In Canada, most provinces and territories have Small Claims Courts where you can bring a claim and get a decision from a judge for a civil claim that has a small monetary value. Currently in Alberta, if you have a civil claim for less than $25,000, you can go to Small Claims Court (which is governed by the Provincial Court Act RSA 2000, cP-31). All civil matters claiming more than $25,000 are heard in the Court of Queen’s Bench.
On August 1, 2014, the Alberta government will increase the current limit for Provincial Court Civil claims from $25,000 to $50,000. Increasing this limit will divert matters into the Provincial Court and increase resources available in the Court of Queen’s Bench for more complex disputes.

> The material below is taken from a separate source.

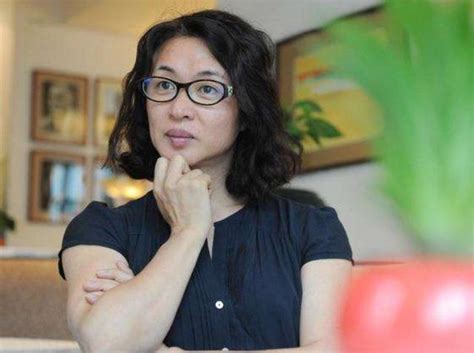 中國變性第一人，從小就愛穿女裝，富商老公至死不知她曾是男兒身 每日頭條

Once the threshold is increased, Alberta will be the province with the highest threshold in Canada for small claims, which are often litigated without the help of a lawyer. Litigation in Small Claims Courts has been recognized as a process that is more expeditious, less complicated for self-representatives and more affordable than proceeding in the Court of Queen’s Bench. Increasing the monetary maximum for which civil claims can be brought in Provincial Court will likely provide greater access to justice for Albertans seeking an efficient and cost-effective way of resolving civil disputes. However, with more at stake, it may be advantageous for those who are facing small claims disputes to seek legal assistance.